START Given data

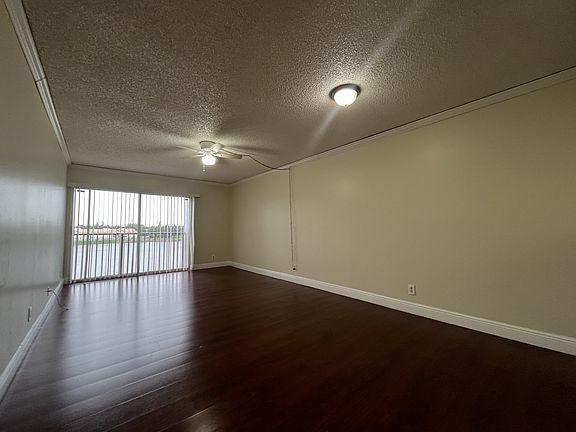 4th image of 8560 N Sherman Cir #305-498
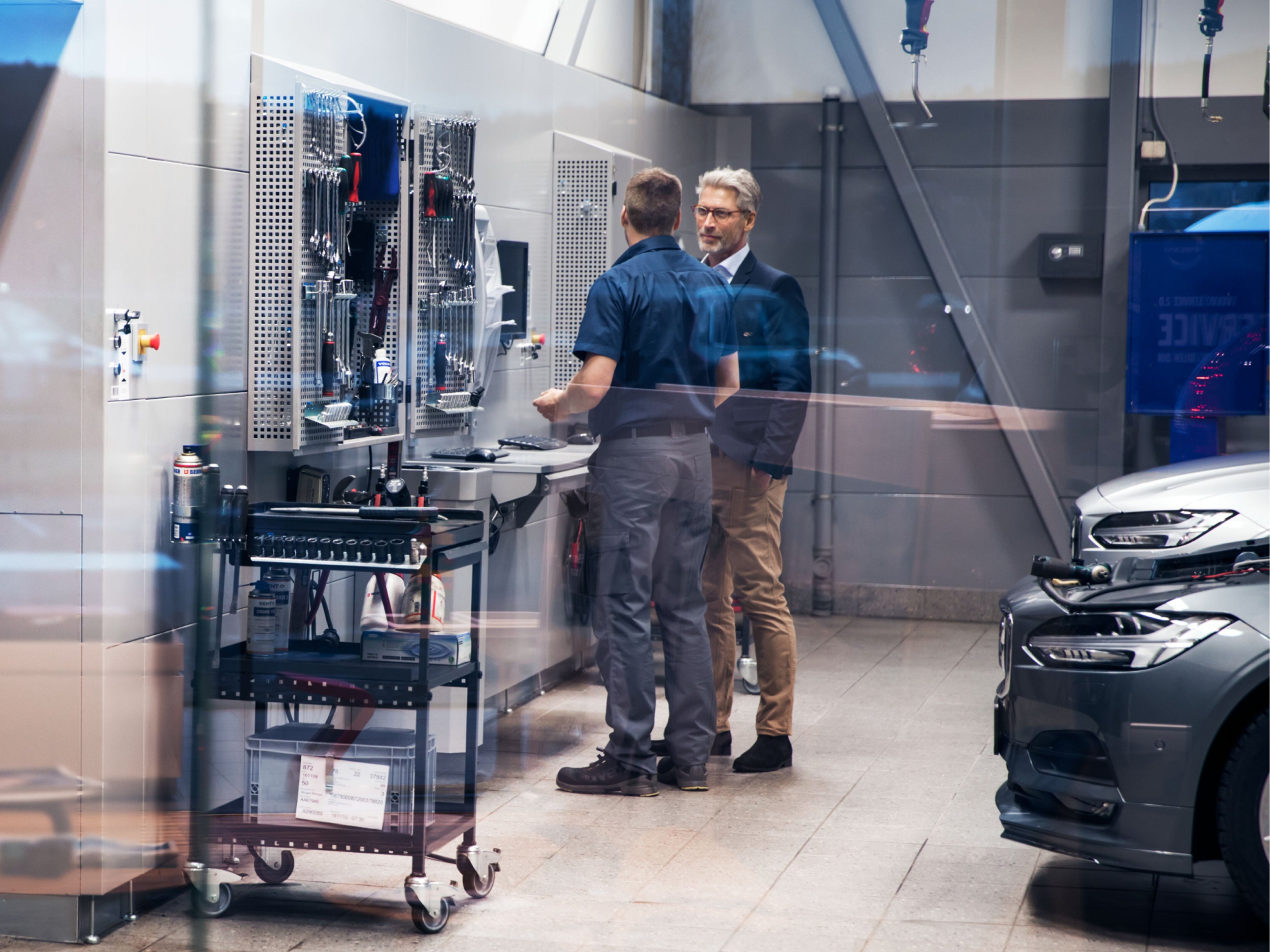 Un técnico Volvo atendiendo a un cliente en un centro de servicio.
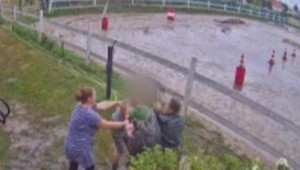 Obvinili dôchodcu, ktorý v jazdeckom klube škrtil 22-ročnú trénerku. Postaví sa pred súd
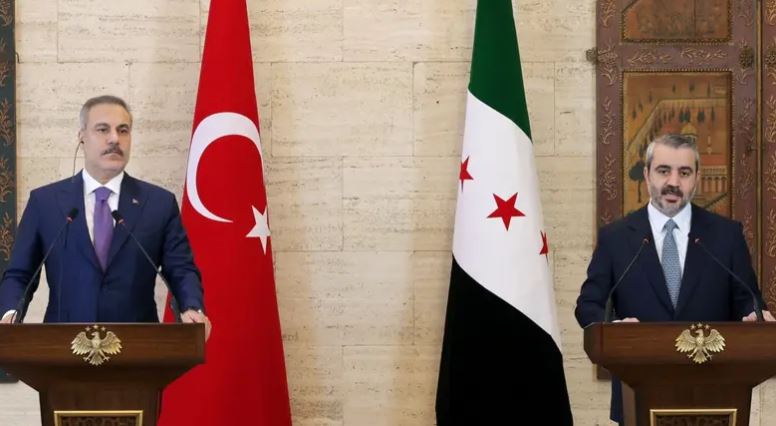 Turkey FM says Israel wants to destabilize Syria as he visits Damascus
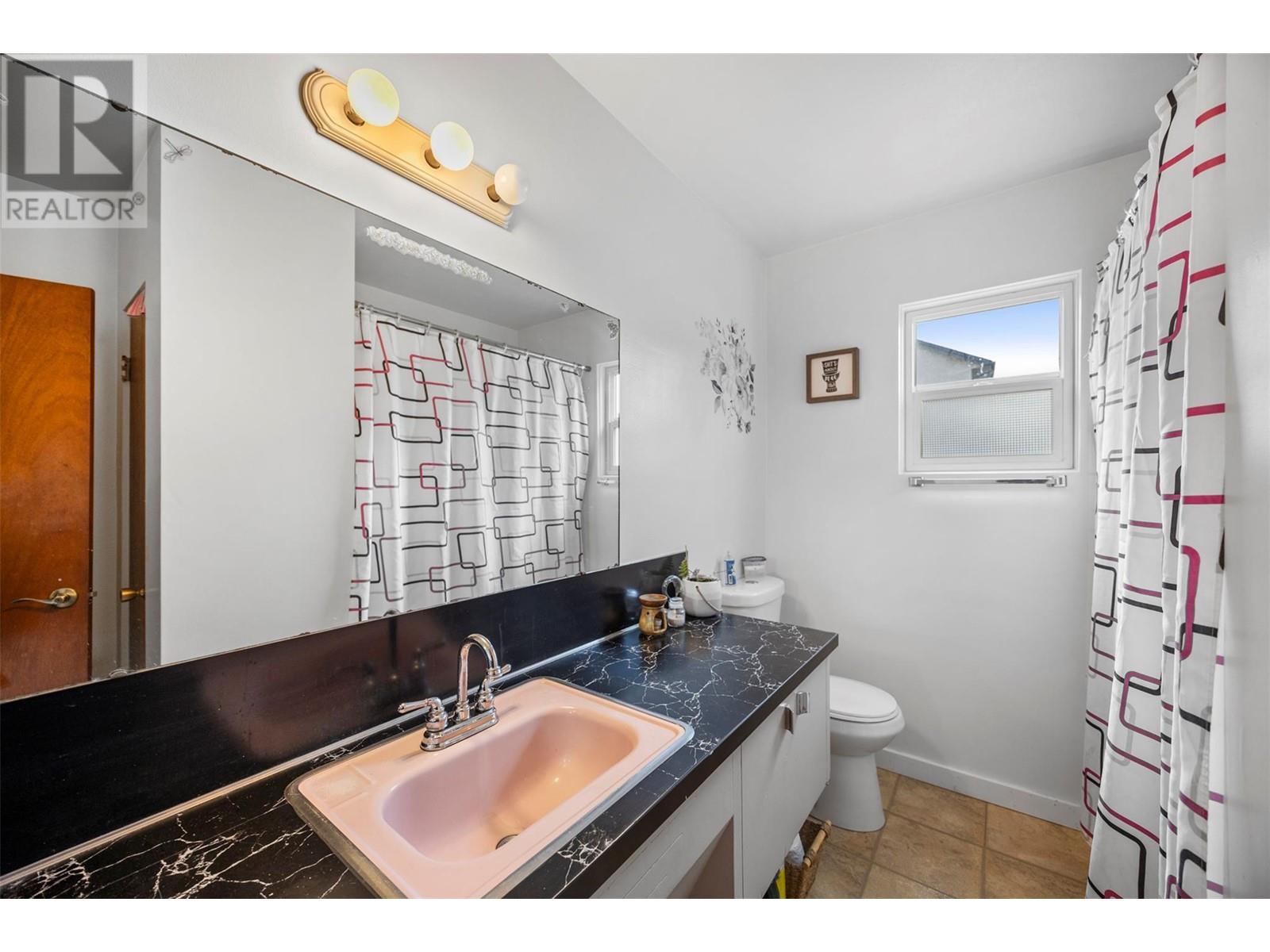 2556 / 2558 VALLEYVIEW DRIVE - Image 22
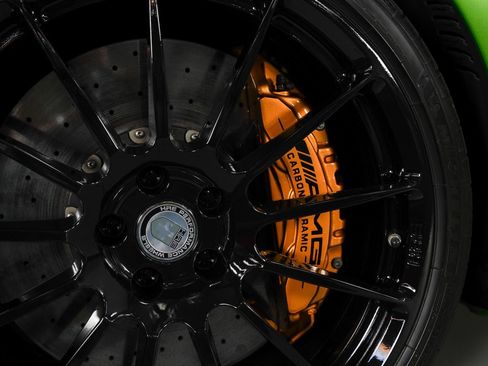 Used 2020 Mercedes-Benz AMG GT R image 19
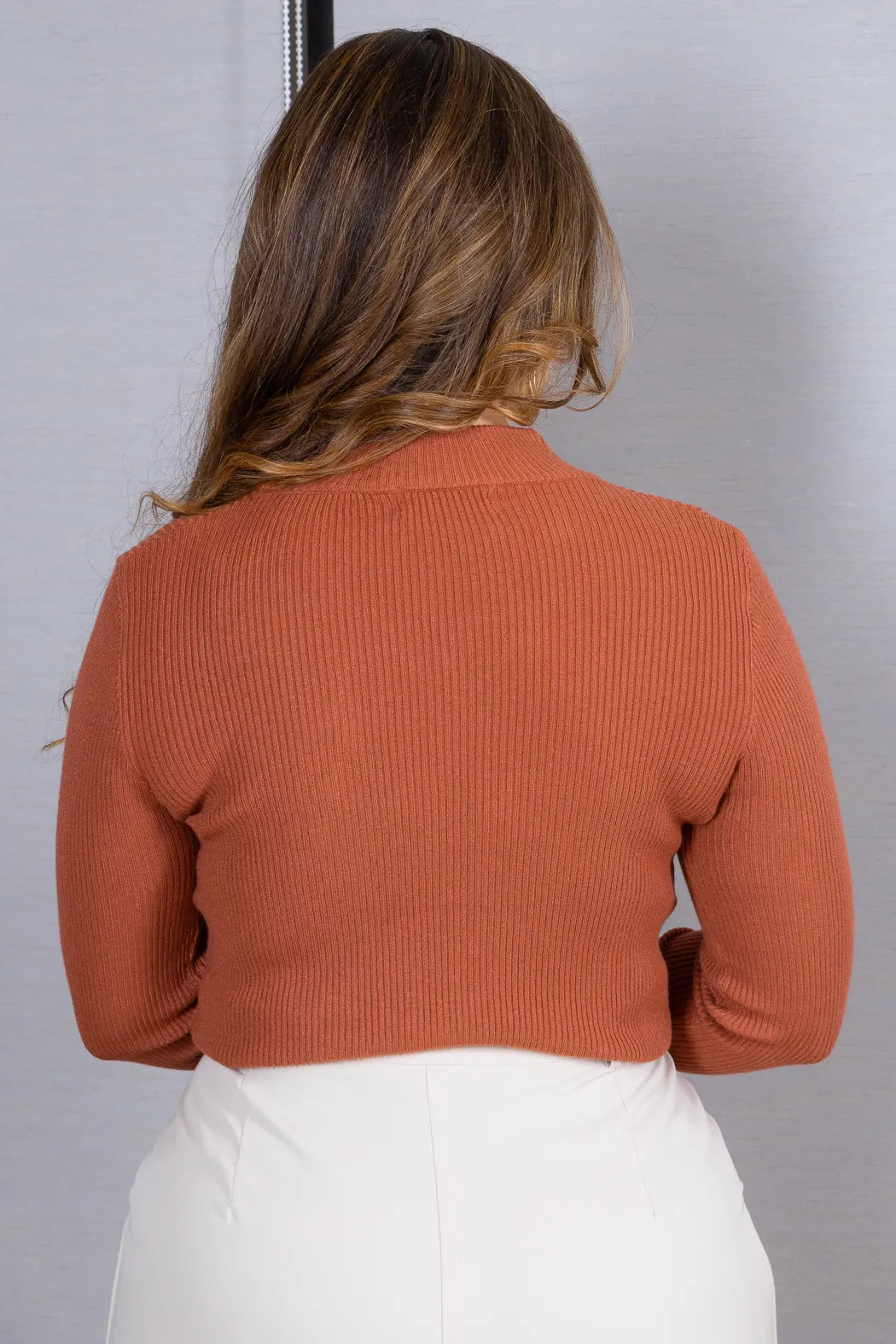 Tricot Manga Longa Meia Gola em Modal Canelado Isadora Terracota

END Given data

◆ **The task**:
Please write out only the material above, exactly, from its first line through the line that contains "Turkey FM says", and include no pictures.

◆ **Result of the exercise**:
 4th image of 8560 N Sherman Cir #305-498
 Un técnico Volvo atendiendo a un cliente en un centro de servicio.
 Obvinili dôchodcu, ktorý v jazdeckom klube škrtil 22-ročnú trénerku. Postaví sa pred súd
 Turkey FM says Israel wants to destabilize Syria as he visits Damascus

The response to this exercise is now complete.